Thu. Jun 30th, 2022

Turkish inflation accelerated to the fastest in two-and-a-half years in September when President Recep Tayyip Erdogan intensified his unconventional efforts to bring rising prices down.

Data released by the Turkish official statistics agency on Monday showed that the consumer price index rose by 19.58 percent last month, up from 19.25 in August. The rate is almost four times the central bank’s official inflation target and the largest annual increase since March 2019.

Erdogan, whose ruling party is suffering from historically low opinion polls, has seen growing dissatisfaction among the public over the rising cost of living.

But the Turkish leader, who, contrary to economic orthodoxy, believes high interest rates cause inflation rather than curb it, has also put the country’s central bank under pressure to cut borrowing costs, even amid rising prices.

The bank lowered its benchmark lending rate last month. The decision, which left Turkey with the deepest negative interest rate of any emerging market, put new pressure on the captured Turkish lira.

Public anger was particularly focused on food prices, which accelerated even faster than the main inflation rate. According to the latest data, the price of food rose by almost 29% in September.

Erdogan blames rising prices for “opportunists” in the food and retail sector.
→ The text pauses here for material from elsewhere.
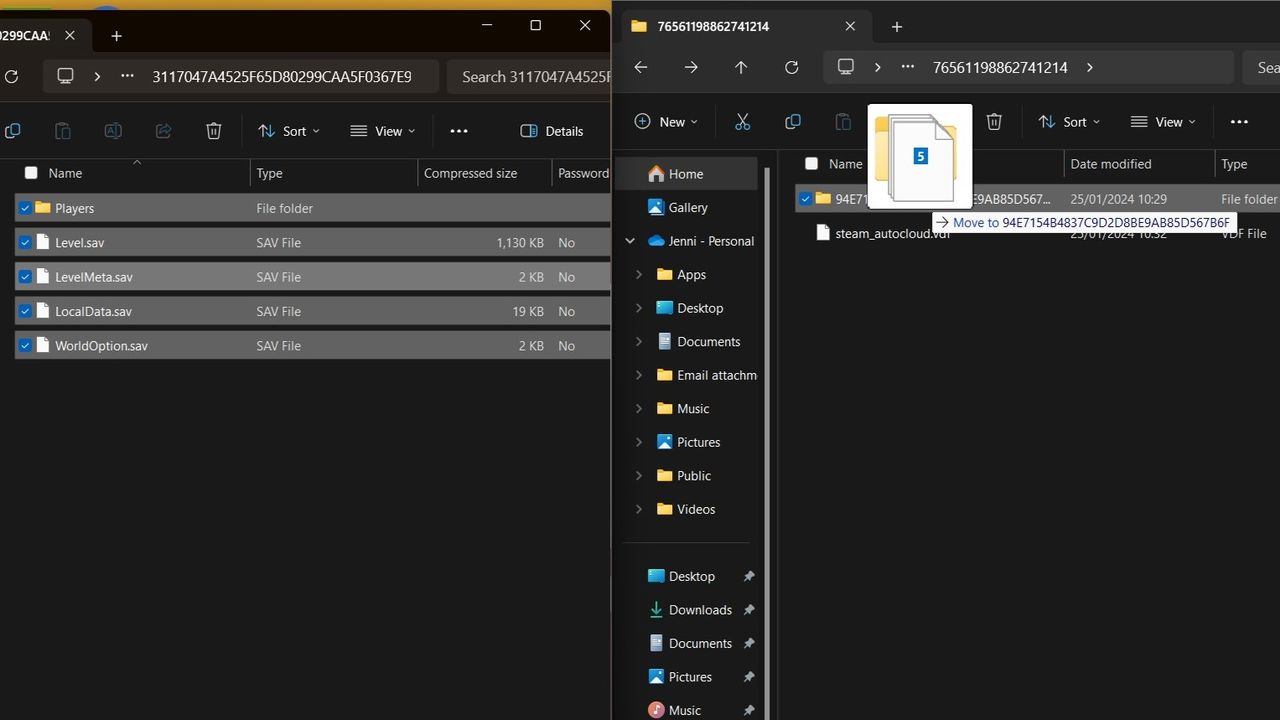 Dragging and dropping Palworld save data from Xbox to Steam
Last month, his government announced a new round of investigations into supermarket chains, accusing them of accepting ‘unreasonable’ price increases.
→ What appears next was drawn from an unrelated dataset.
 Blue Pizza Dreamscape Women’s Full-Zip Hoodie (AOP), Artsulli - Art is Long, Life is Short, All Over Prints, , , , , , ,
The Turkish president said on Sunday that he had ordered agricultural cooperatives to open about 1,000 new branches across the country to provide ‘suitable’ prices for basic goods.

“We have ordered that about 1,000 of these businesses be started around Turkey, covering an area of ​​500 square meters,” he said. “These are places where prices are suitable for our citizens’ budgets.”

Erdogan, who built much of his early political success as a result of increasing prosperity, has over the past year increasingly developed a reputation for eccentric and volatile solutions to economic problems.

In 2018, after a currency crisis that wiped out nearly 30 percent of the value of the lira, the government launched a campaign encouraging retailers to keep their prices down. The following year the government started municipal management “people’s vegetable ”stalls in big cities in an effort to combat what Erdogan called ‘food terrorism’.

Analysts warn that the combination of high inflation and low interest rates could lead to new pressure on the Turkish lira, which has been above the record low of nine to the dollar in recent weeks.

“The further rise in headline and core inflation last month will make the central bank think, but we doubt it will prevent it from continuing with further interest rate cuts,” said London bank economist Jason Tuvey. based consultant Capital Economics, in a note to clients written after Monday’s data. “Political pressure on the institution to lower rates seems to be making decisions.”